Die Teilnahme am Tarifgeschehen ist deshalb nur dann aussagekräftig für die Wirkmächtigkeit, wenn es einer Gewerkschaft gelingt, die Gegenseite auch gegen ihren Willen an den Verhandlungstisch zu zwingen. 

Nur Mitglieder machen Gewerkschaften stark

Dies wiederum gelingt nur, wenn es der Gewerkschaft gelingt, einen hohen Anteil der Beschäftigten, die unter den gewünschten Tarifvertrag fallen, zu organisieren und im Zweifelsfall für einen Streik zu mobilisieren.

Das BAG sieht daher völlig zurecht den Organisationsgrad in der jeweiligen Branche als zentralen Aspekt für die Tariffähigkeit einer Gewerkschaft an.

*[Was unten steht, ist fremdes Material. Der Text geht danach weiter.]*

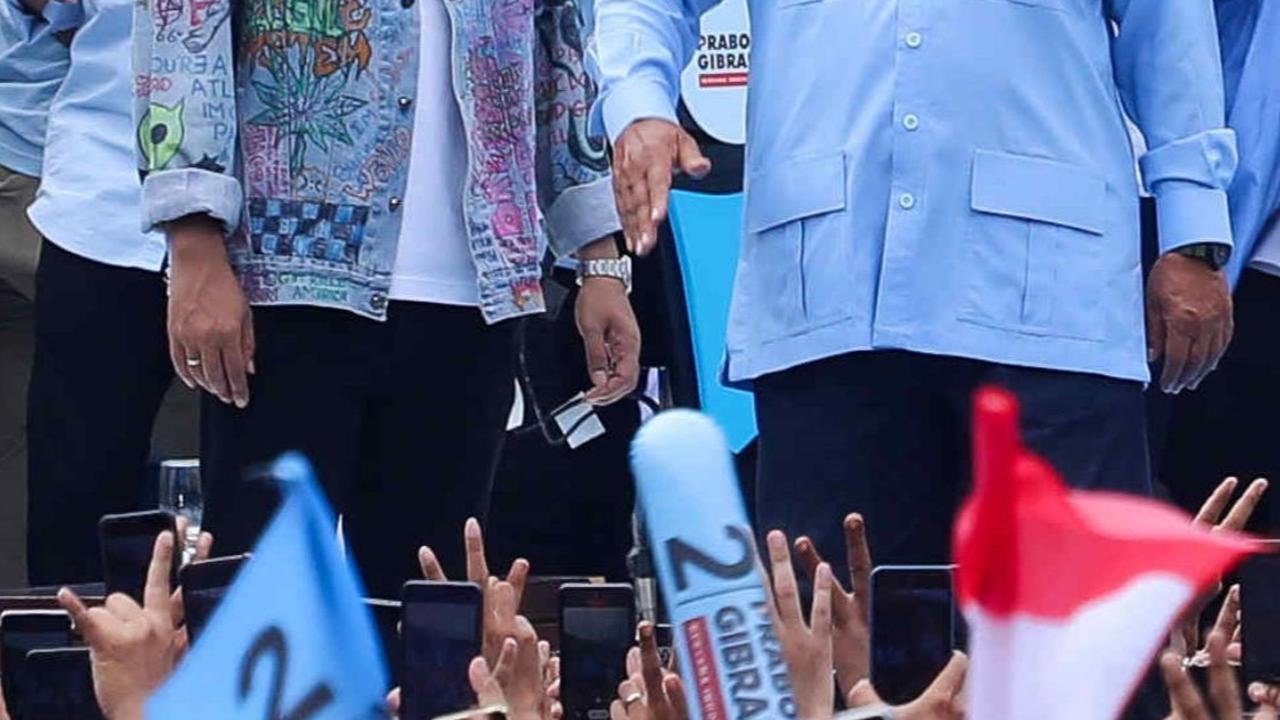 FOTO: Gaya Gibran Berjaket ala "Dilan" Dampingi Prabowo di Tengah Kerumunan Pendukung yang Padati GBK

Man kann die Entscheidung daher durchaus als Appell zum Eintritt in eine Gewerkschaft verstehen. Denn nur mit einer starken Gewerkschaft in der eigenen Branche verbessern sich die Arbeitsbedingungen tatsächlich.

Rechtliche Grundlagen

Art. 9 Abs. 3 Grundgesetz

(3) Das Recht, zur Wahrung und Förderung der Arbeits- und Wirtschaftsbedingungen Vereinigungen zu bilden, ist für jedermann und für alle Berufe gewährleistet. Abreden, die dieses Recht einschränken oder zu behindern suchen, sind nichtig, hierauf gerichtete Maßnahmen sind rechtswidrig. Maßnahmen nach den Artikeln 12a, 35 Abs. 2 und 3, Artikel 87a Abs. 4 und Artikel 91 dürfen sich nicht gegen Arbeitskämpfe richten, die zur Wahrung und Förderung der Arbeits- und Wirtschaftsbedingungen von Vereinigungen im Sinne des Satzes 1 geführt werden.